◆ Assigned task ◆
Go to the line below that contains "Cerrada de Aristoteles, Naucalpan". From there to the end of the records, reproduce each line exactly, except the pictures.

[[ Data, beginning ]]

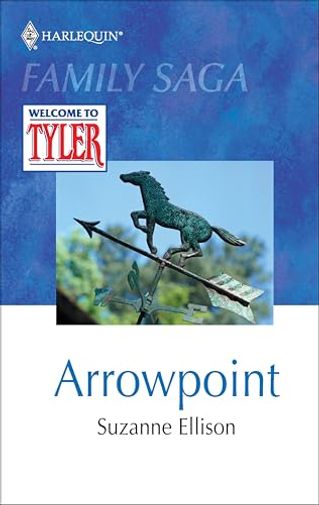 Arrowpoint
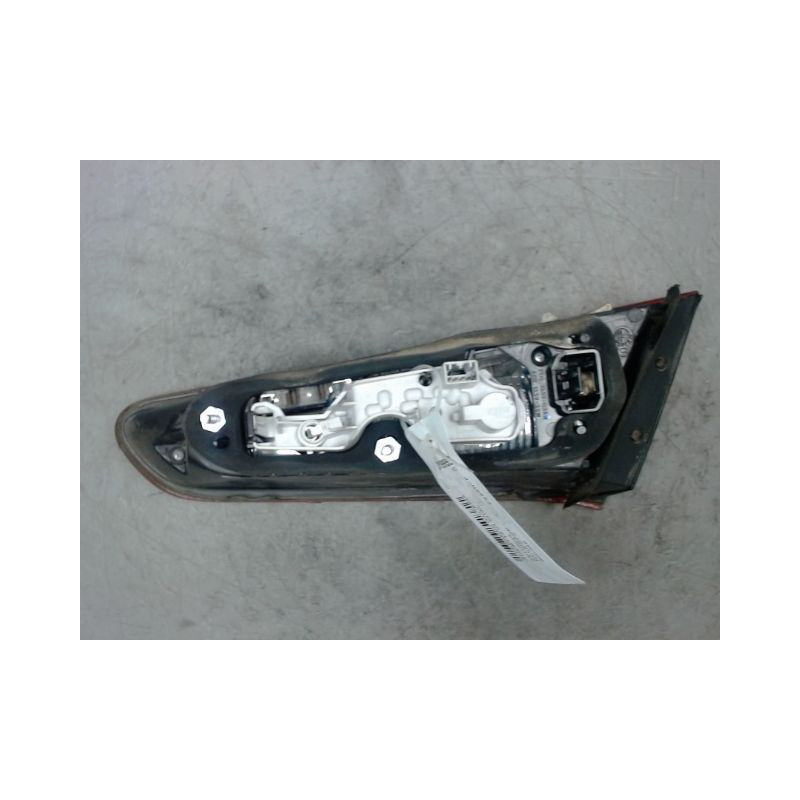FEU ARRIERE INTERIEUR GAUCHE ALFA ROMEO GUILIETTA 2010-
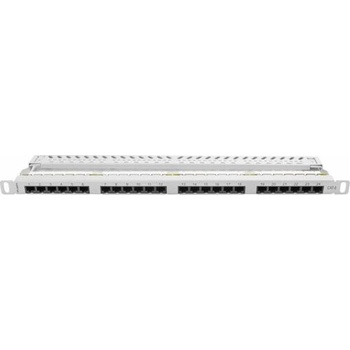Lanberg PPU6-0024-S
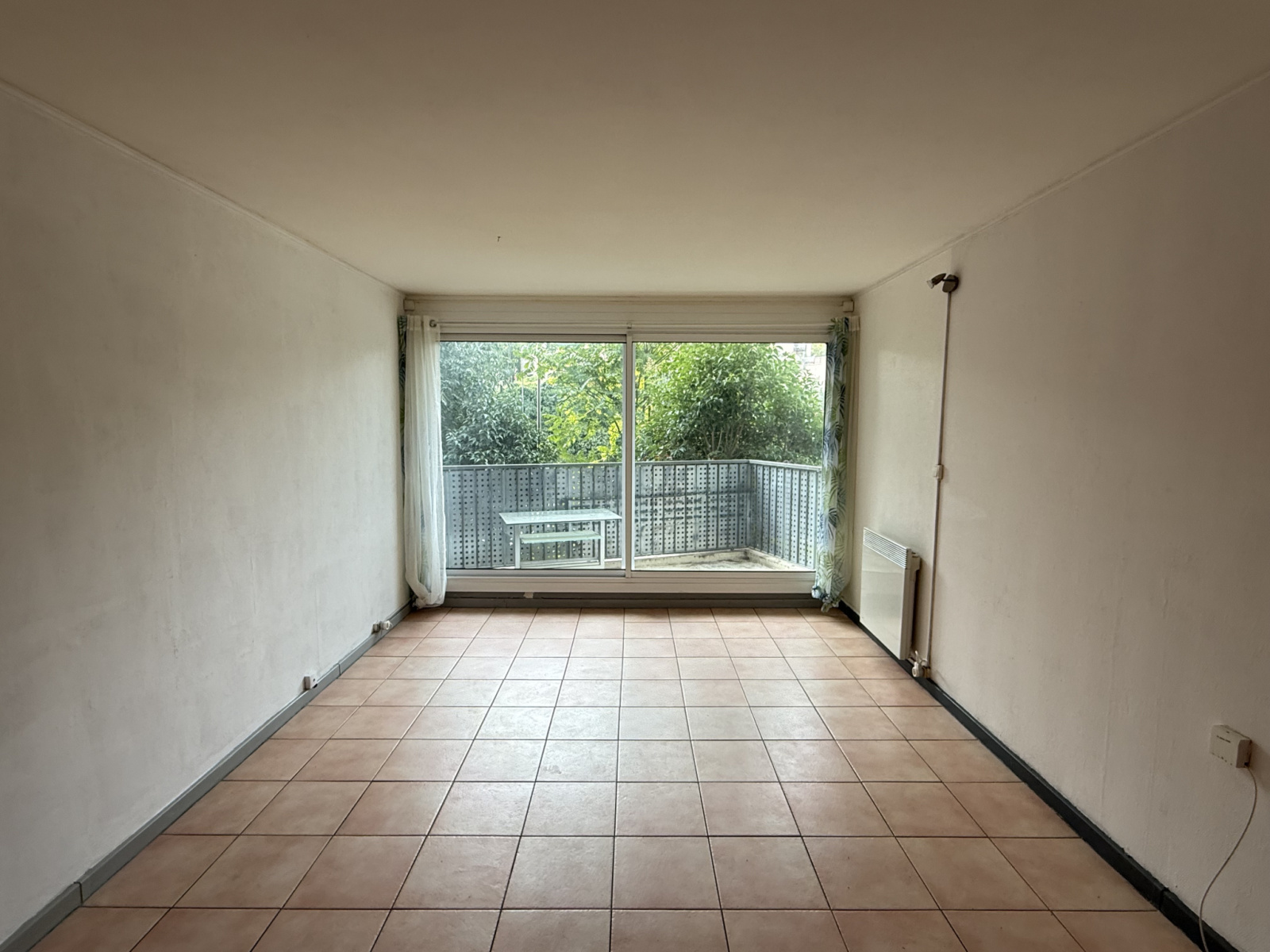 Image_,
			Appartement, Nîmes, ref :2506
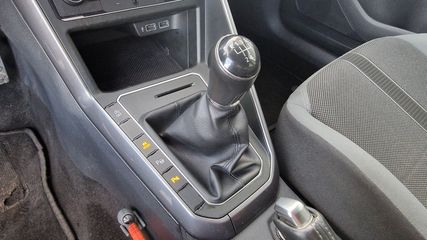 Voertuigafbeelding 18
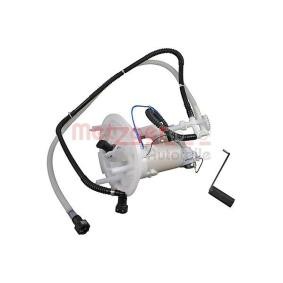 Kraftstoff-Fördereinheit 2250357 von METZGER günstig für 151,00 € online kaufen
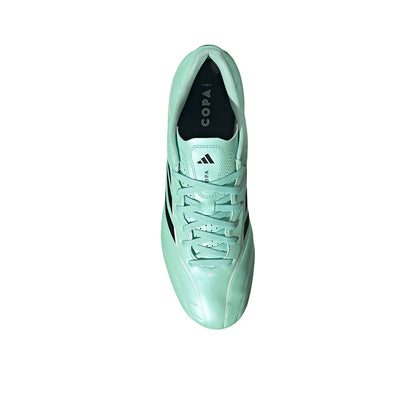 ADIDAS Copa Pure IV Club MG Men's Football Shoes
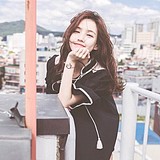 Rebeccy的头像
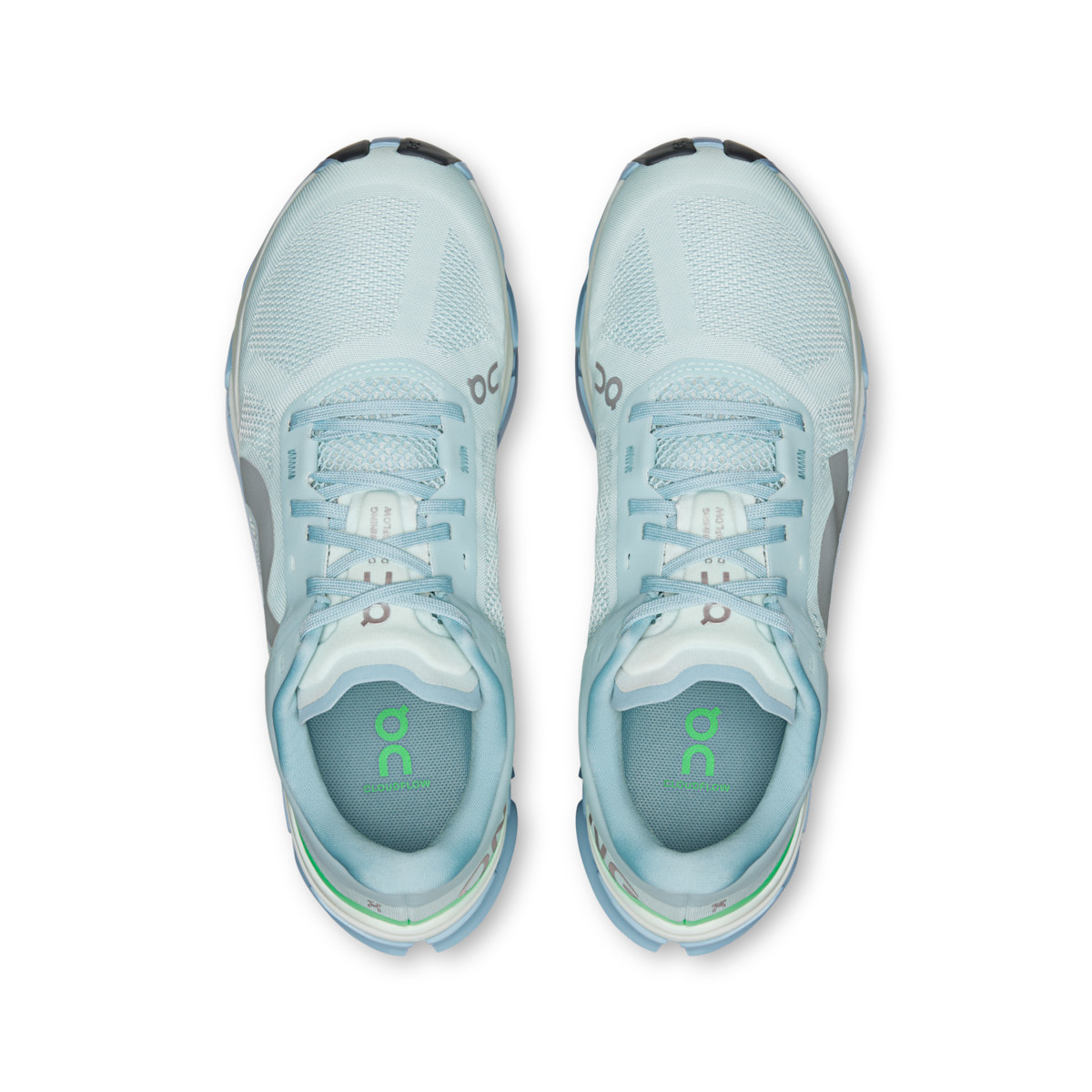 Women's Cloudflow 5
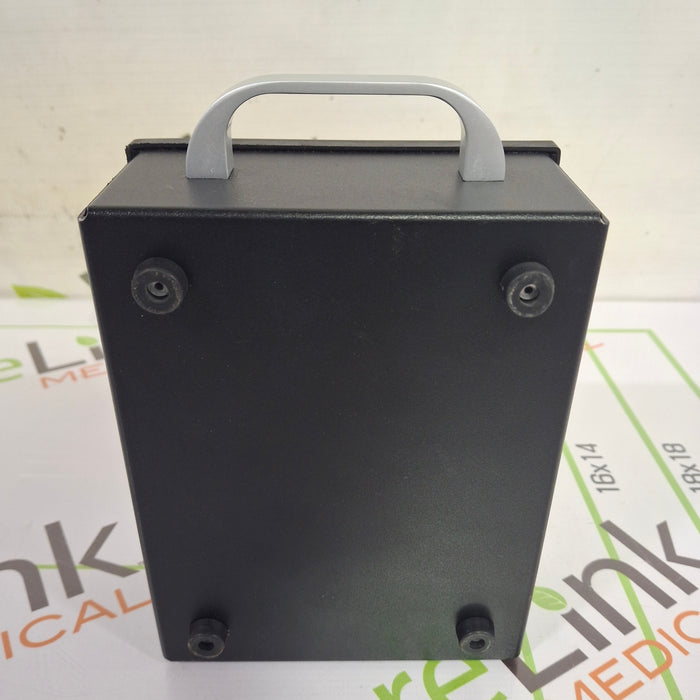 Parks 811-B Doppler Flow Detector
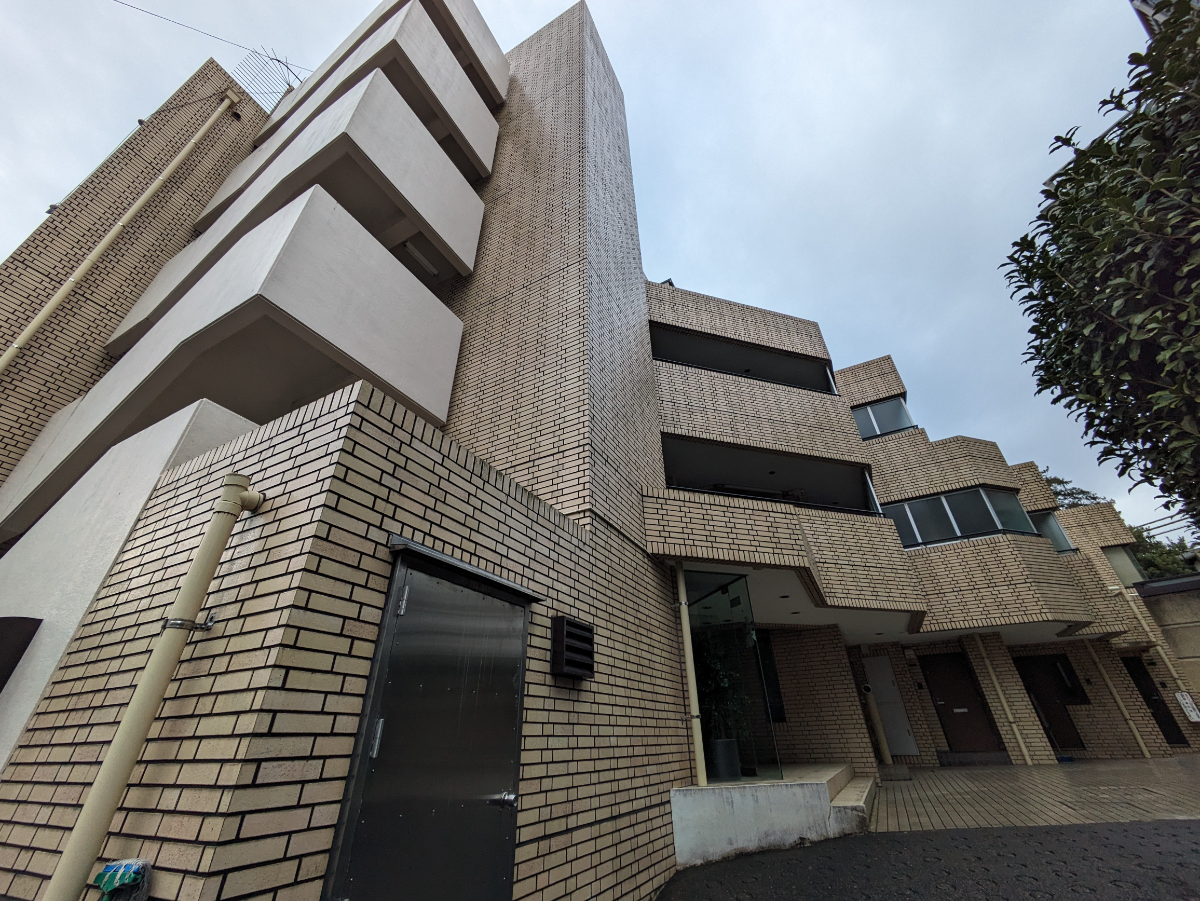 fresh/building/J00100392901_14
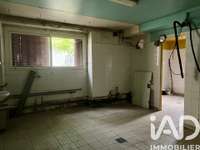 Vente maison 14 pièces Vente maison 14 pièces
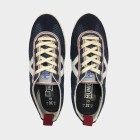 Zapatillas Munich 8161031 Volata 31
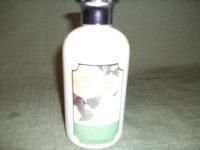Crystal Waters Spa Hand and Body Lotion White Rose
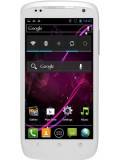 ICEX Xphone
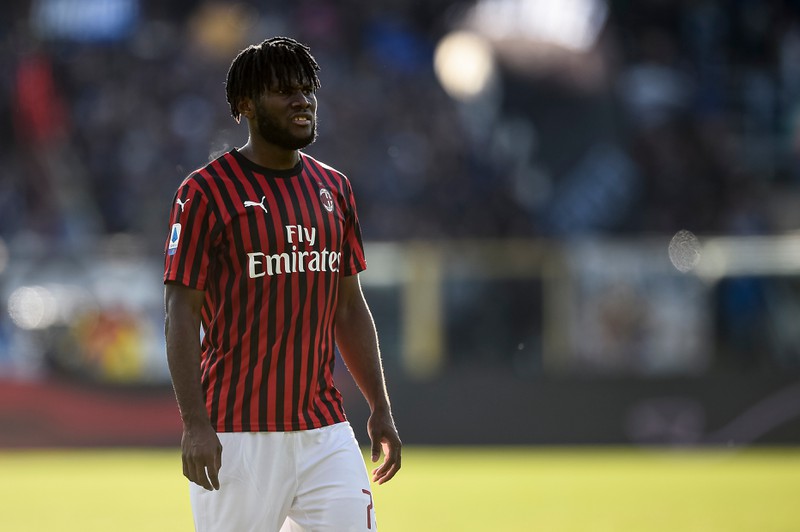 doi hinh du kien inter milan - ac milan: lukaku doi dau ibrahimovic? hinh 18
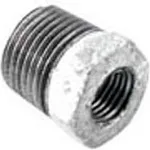 Hex Bushings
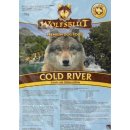 Wolfsblut Cold River 2 kg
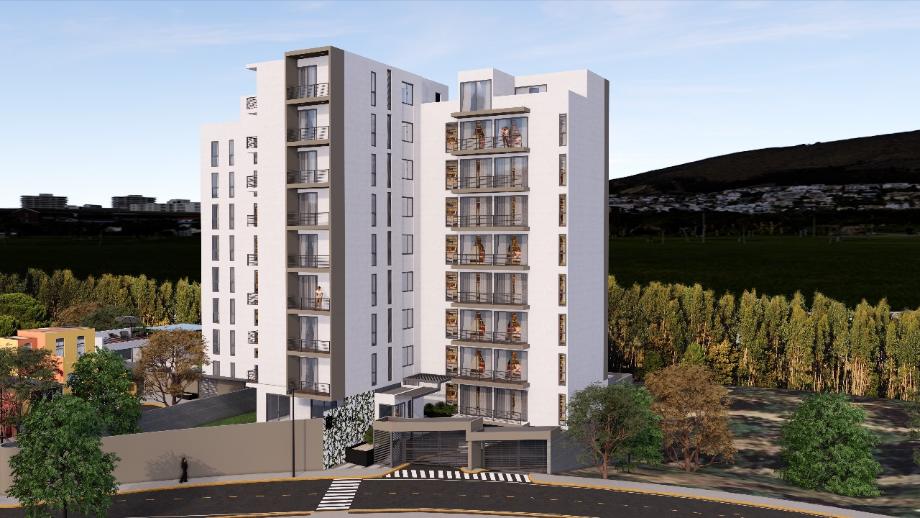 Cerrada de Aristoteles, Naucalpan de Juárez, Estado de méxico, 53280, Mexico, 3 Bedrooms Bedrooms, ,2 BathroomsBathrooms,Residential,For Sale,Cerrada de Aristoteles,1441539
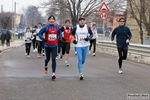 MAXENT_060110_stefano_morselli_0198.jpg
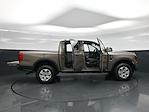 New 2026 Ford Ranger XL SuperCrew Cab thumbnail 4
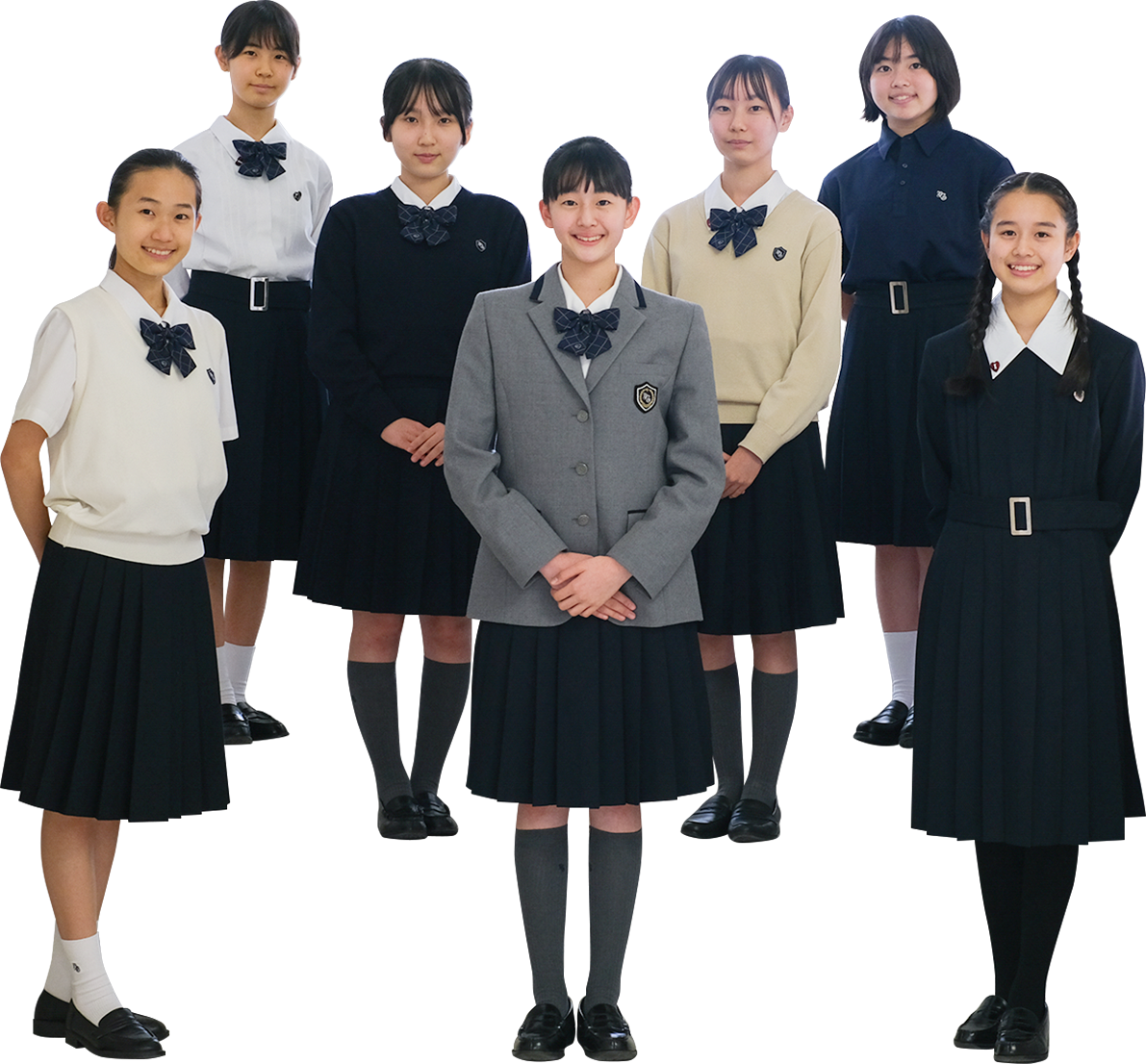 山脇学園の偏差値急上昇と人気の真相｜2026年最新の進学実績・倍率を徹底検証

[[ Data, end ]]

◆ Output of the exercise ◆
 Cerrada de Aristoteles, Naucalpan de Juárez, Estado de méxico, 53280, Mexico, 3 Bedrooms Bedrooms, ,2 BathroomsBathrooms,Residential,For Sale,Cerrada de Aristoteles,1441539
 MAXENT_060110_stefano_morselli_0198.jpg
 New 2026 Ford Ranger XL SuperCrew Cab thumbnail 4
 山脇学園の偏差値急上昇と人気の真相｜2026年最新の進学実績・倍率を徹底検証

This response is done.